What you should give back is a precise copy of the lines below from the one containing "Surimi Salad" through the one containing "2027 NFL Draft", with no pictures.

Data for processing
•••
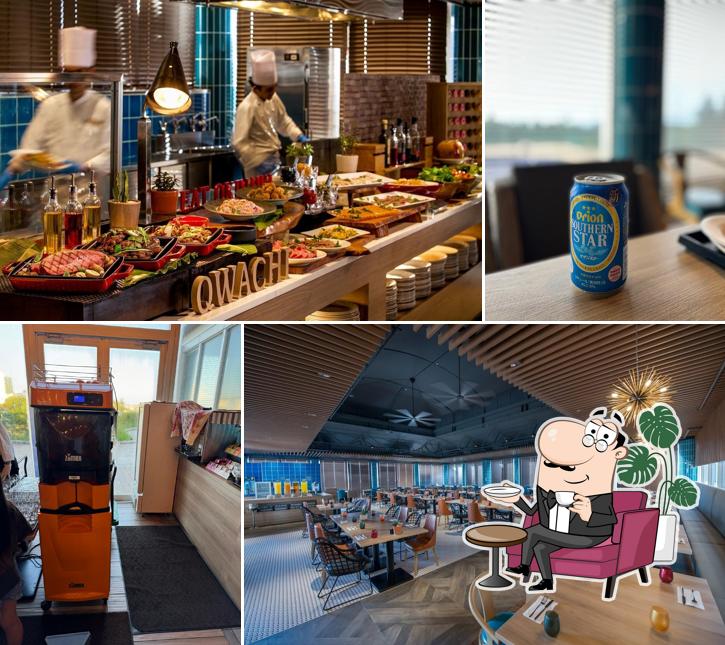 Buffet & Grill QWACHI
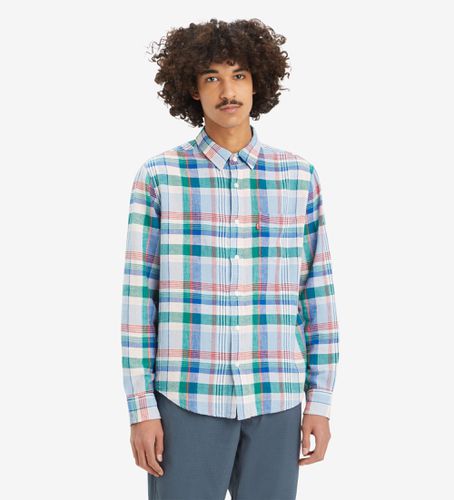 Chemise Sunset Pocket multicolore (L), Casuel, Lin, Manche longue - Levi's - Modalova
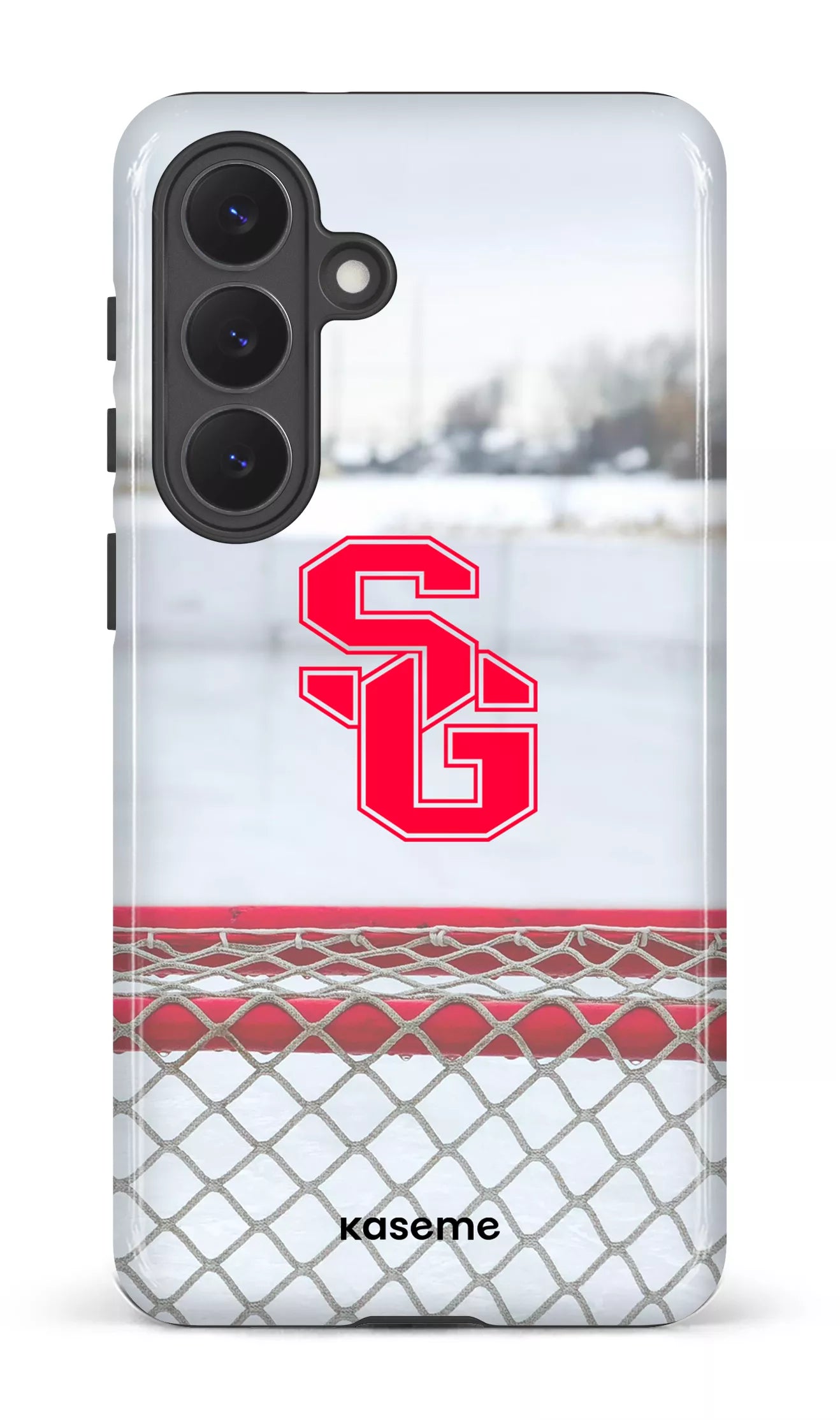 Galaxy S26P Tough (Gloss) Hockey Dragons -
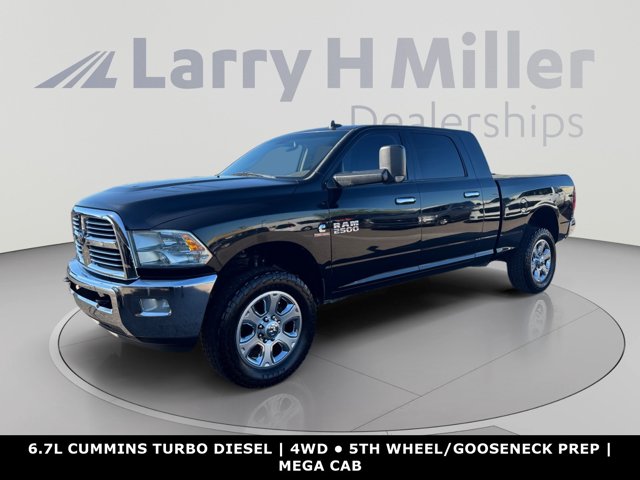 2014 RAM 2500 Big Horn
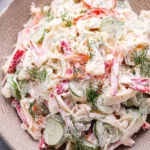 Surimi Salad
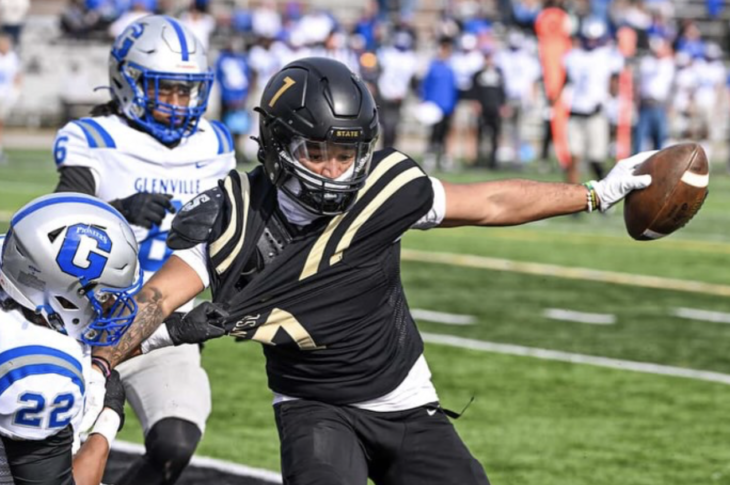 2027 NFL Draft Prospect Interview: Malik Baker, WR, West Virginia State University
•••
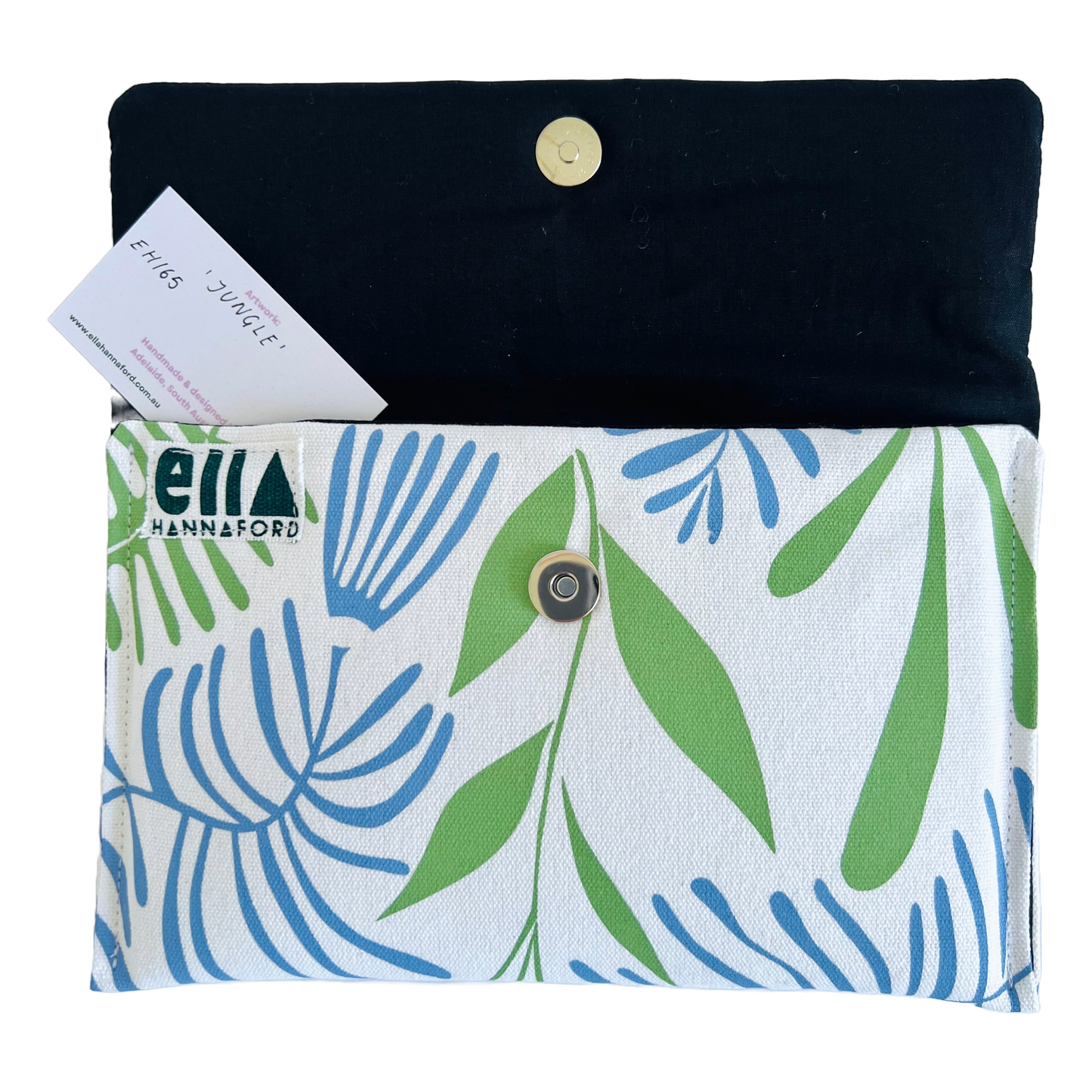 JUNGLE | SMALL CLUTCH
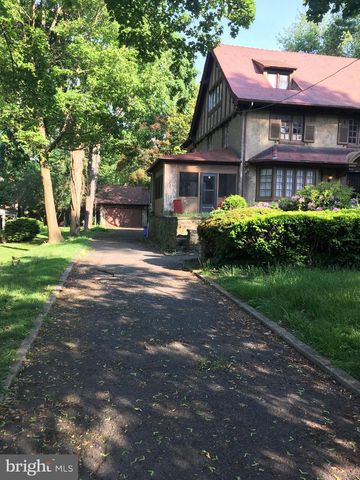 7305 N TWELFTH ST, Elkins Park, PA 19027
•••
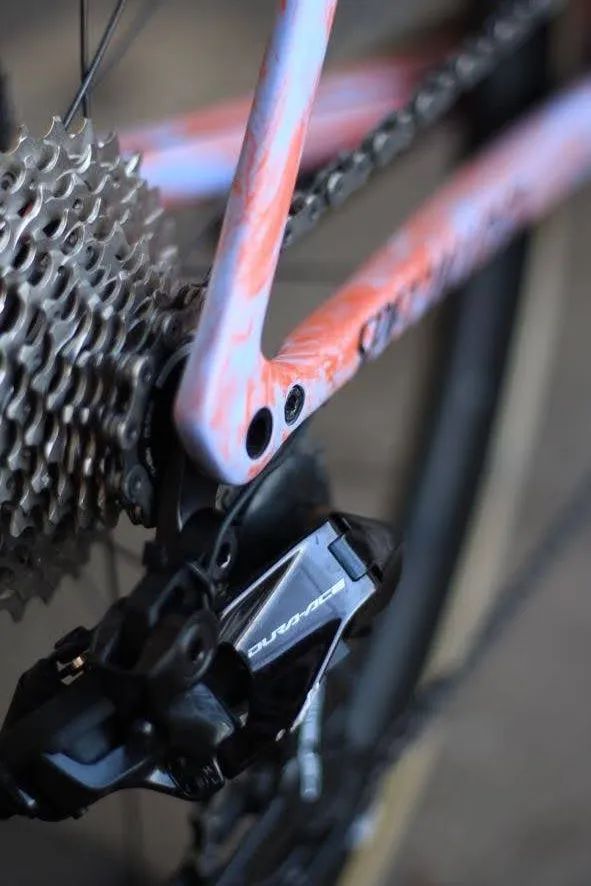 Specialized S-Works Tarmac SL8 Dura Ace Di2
•••
Task answer
 Surimi Salad
 2027 NFL Draft Prospect Interview: Malik Baker, WR, West Virginia State University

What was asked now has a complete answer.